Weekly Digest from The Arora Report is popular among serious investors and money managers because they have found studying insights from the prior week gives them an edge over the coming weeks. Here is the day by day rundown from the morning capsules made available every morning before the market open in the Real Time Feeds to the paying subscribers of The Arora Report

Please scroll down for the section What To Do Now.

BREXIT WINS, TIME TO START DEPLOYING LARGE DRY POWER THAT HAS SERVED US WELL TODATE, TEMPORARILY SUSPENDING BUY/TARGET ZONES AND USE STOPS JUDICIOUSLY

This is what you need to know today.

Brexit Wins

British voters have decided to ‘leave’ EU.  The following points are important to note for all investors.

  • This will be the most complicated divorce in history.
  • There will be many twist and turns ahead over the next two years as negotiations between UK and EU take place.
  • There are many scenarios under which Brexit is a good thing for the long-term investors.

Nexit

‘Nexit’ is a newly coined phrase.  We do not know if it will catch on but we will use it for the time being.  Who will be the next to leave the EU?

Large Dry Powder

With the exception of permabears, all of four services came into today with more cash and more hedges than any other comparable service or major mutual funds.

Deploy Dry Powder

Now it is time to start deploying the large dry powder at better prices.  We will be mainly guided by our proven algorithms.  The following are the important points.

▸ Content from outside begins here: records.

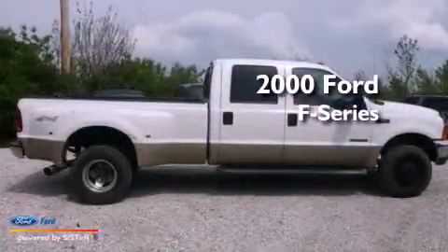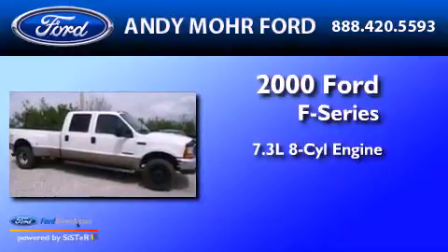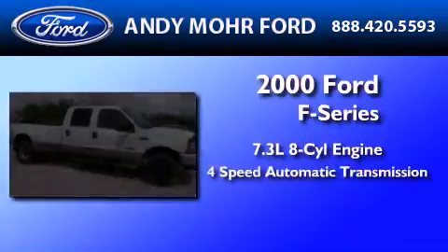This is a 2000 Ford F-Series. It features a 7.3-liter, eight-cylinder engine and a four-speed automatic transmission.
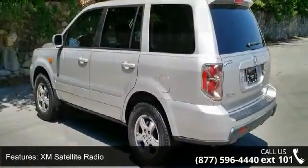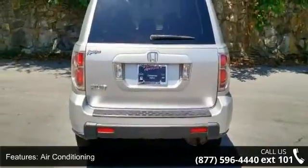This car won't be available much longer. Call now to schedule a test drive at our dealership.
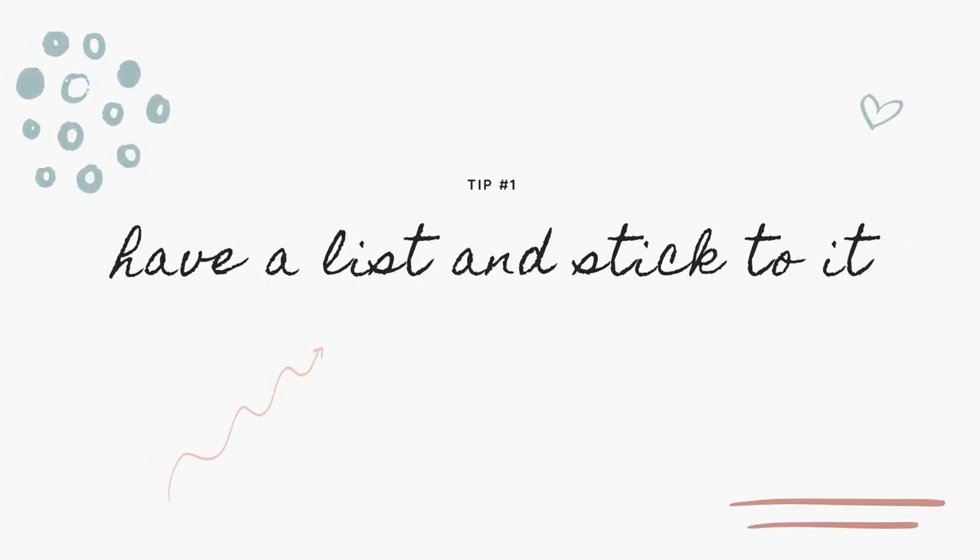My first tip is: have a list and stick to it. I am not perfect and sometimes I want to make impulse purchases too, and I find this tip really helps me maintain a small wardrobe. I keep a document on my phone in the notes app where I list out all the items I would like to have in my ideal wardrobe — not aspirational items, but items I need for my real life. I list it by category, and if I already have those items, I list what they are so I can see any gaps and what I need to prioritize.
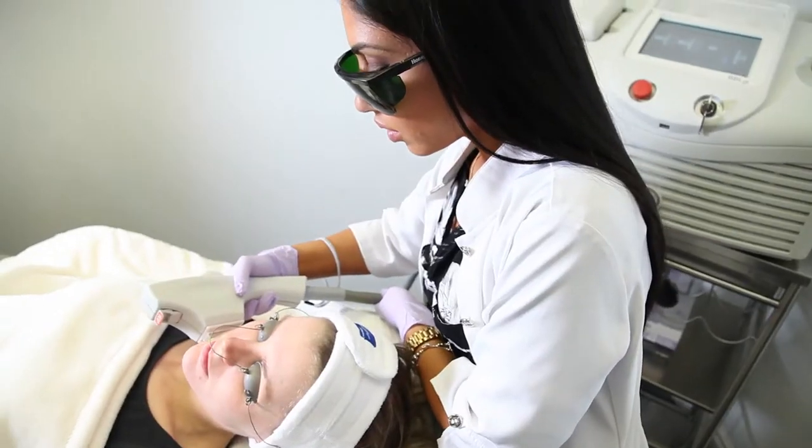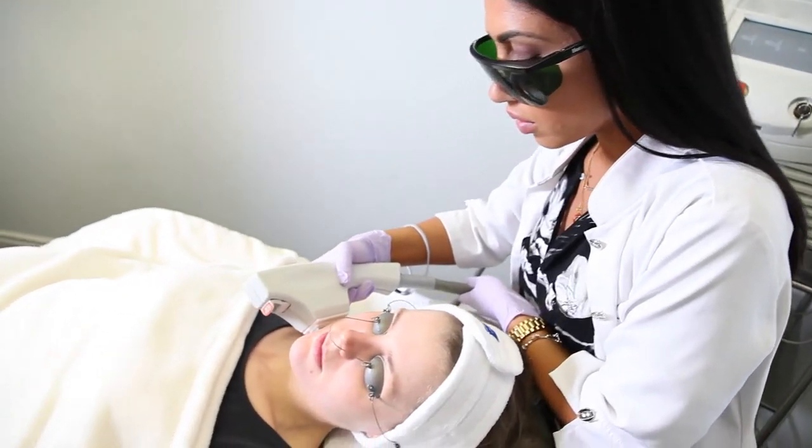What we're really excited about is new science that has shown that this technology, when used over repeated treatments, can slow down the aging of the skin, leading us to call these treatments forever young.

  • Between today and Tuesday next week, there will be large number of margin calls. These margin calls will put pressure on the markets due to forced liquidation.
  • There is a huge amount of cash on the sidelines.  Some of this cash will step in on any big drops.
  • The plan is to scale in slowly as new opportunities develop.

For new positions, a heavier weight will be given to our Quantitative Screen than normal.  Quantitative Screen is one of the six screens of the ZYX Change Method.  Please click here to learn about the Quantitative Screen.

CASH IS BEING REDUCED BY 3%.  THE PLAN IS TO FURTHER REDUCE CASH IN SMALL INCREMENTS.  Cash based on new posts or reinstated zones and also on ‘New Ideas’.

Buy/Target Zones

All Buy/Target zones are being temporarily suspended.  These zones will be reinstated or revised in the near future as more data becomes available.  Use stop zones judiciously.  The markets will be very volatile.  For this reason we suggest the following:

  • Do not use regular stop orders.  In regular stop orders when the stop point is hit, it becomes a market order.  In a period of high volatility, like today, you are likely to get really bad fills.
  • Use stop limit orders.  In this order type, you specify the price limit for your order fill.  The disadvantage is that your order may not fill because the price may gap through your limit. You will need to adjust stop limits often.
  • THE BEST WAY IS TO USE APPROPRIATE HEDGES AND CANCEL ALL STOP ORDERS. Hedging has to be custom tailored to each portfolio.  However as a general guideline, consider using an inverse ETF such as QID.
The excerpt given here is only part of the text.